Le partenariat entre la France et la Chine culmine avec le voyage du Premier ministre Li Keqiang en France, fin juin 2015. La déclaration conjointe sur l’approfondissement de la coopération franco-chinoise sur l’énergie nucléaire civile est rendue publique à l’occasion de sa visite. Elle prévoit une coopération globale « de la mine au retraitement », dans tous les domaines de l’exploitation, de la conception de nouveaux réacteurs de moyenne et grande puissance, de leur construction en Chine, en France et dans les pays tiers, de l’association des industriels des deux pays et de la réalisation d’une usine de retraitement en Chine. Toutes les entreprises françaises, à commencer par AREVA, Alstom et la centaine d’entreprises de l’association Partenariat France Chine Electricité (PFCE) sont concernées par cet accord qui ouvre d’immenses perspectives.
La confiance est au zénith.

L’alliance industrielle de la France, qui possède le plus important retour d’expérience d’exploitation du monde, et de la Chine, qui va construire le plus grand programme nucléaire de l’histoire, est un atout pour ces deux pays et, au-delà, pour la sûreté et le progrès du nucléaire mondial.

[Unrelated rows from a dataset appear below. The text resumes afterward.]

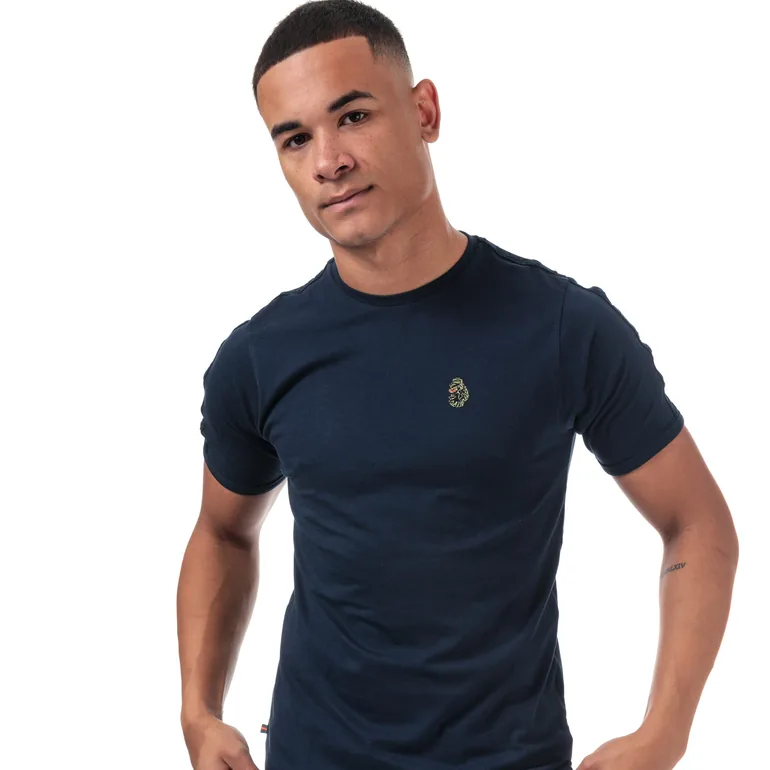 Men's Luke 1977 Trouser Tape T-Shirt in Blue - 3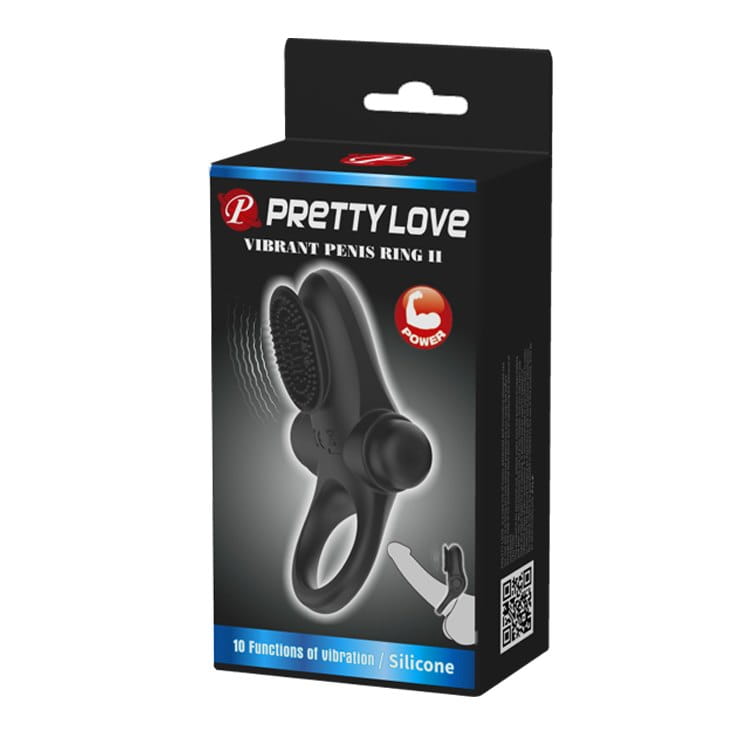 PIERŚCIEŃ PRETTY LOVE - VIBRANT PENIS RING 2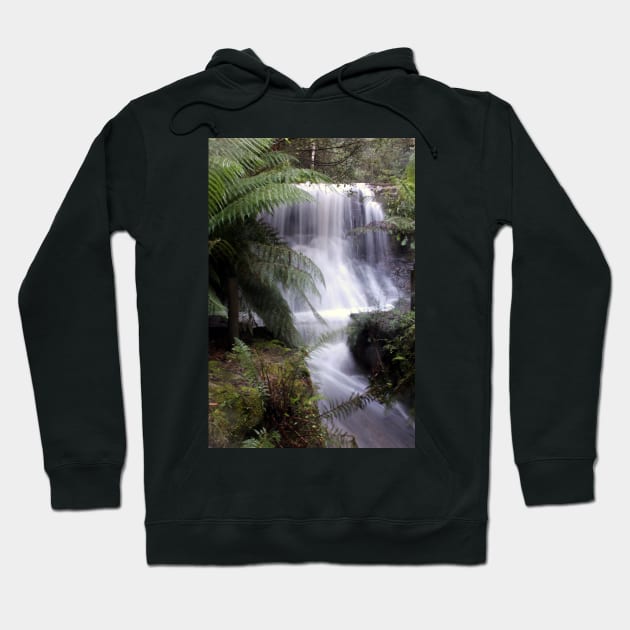 Silver Falls, Hobart, Tasmania Hoodie by Kirkcov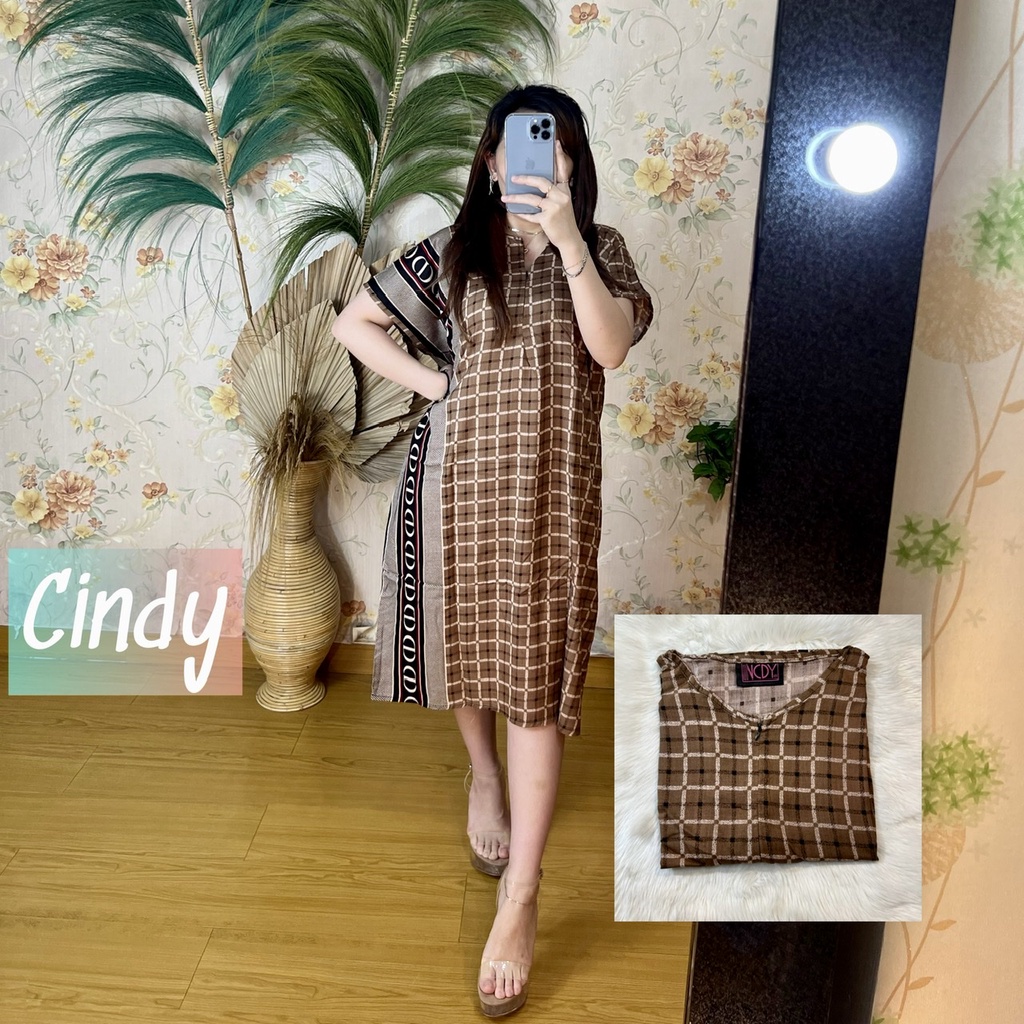 NCDY HOMEWEAR DASTER PENDEK SELUTUT RAYON PREMIUM LD 130cm BUSUI FRIENDLY KEKINIAN-Cindy PENDEK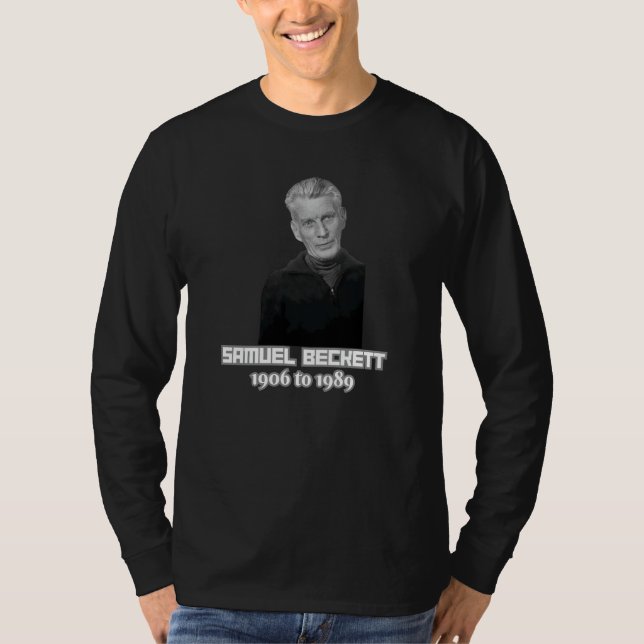 Samuel Beckett Irish Playright T-Shirt (Front)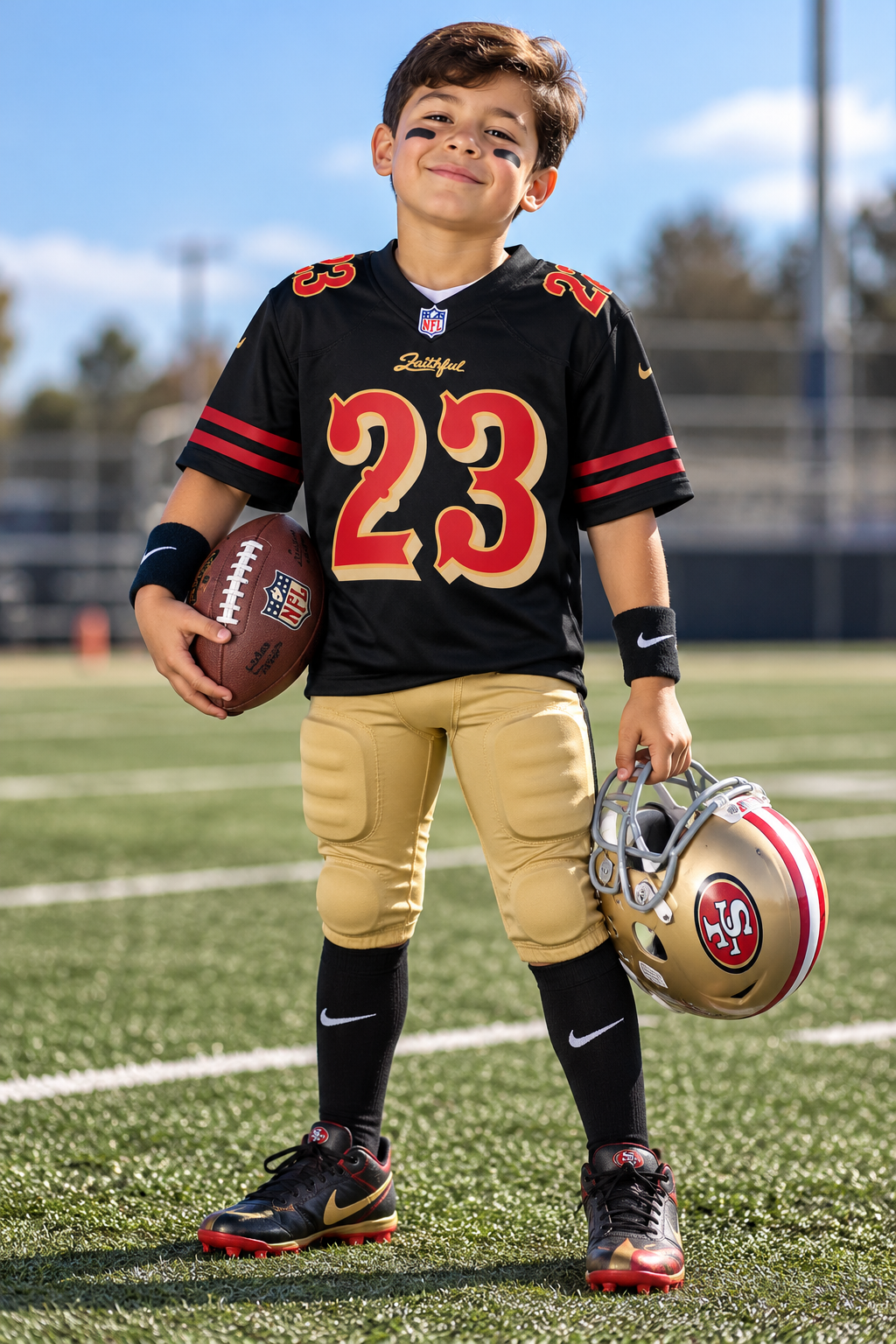 JERSEY SAN FRANCISCO 49ERS NEGRA “McCAFFREY” PARA NIÑO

Ce partenariat historique est le fruit du travail d’hommes et de femmes qui ont mis leur foi dans des projets à construire ensemble et se sont donné leur confiance. Ils sont aujourd’hui liés par des liens l’amitié.

Dans un domaine aussi stratégique que celui du nucléaire, un tel partenariat est une pierre d’angle pour la construction de la coopération et de la paix entre les peuples et les nations.

Et si aujourd’hui, cette coopération s’est quelque peu affaiblie sous l’effet de diverses influences négatives, souhaitons qu’elle soit réanimée. Ses fondements restent intacts et elle est certainement non seulement dans l’intérêt mutuel de nos deux pays, mais une contribution au progrès et à la paix dans le Monde.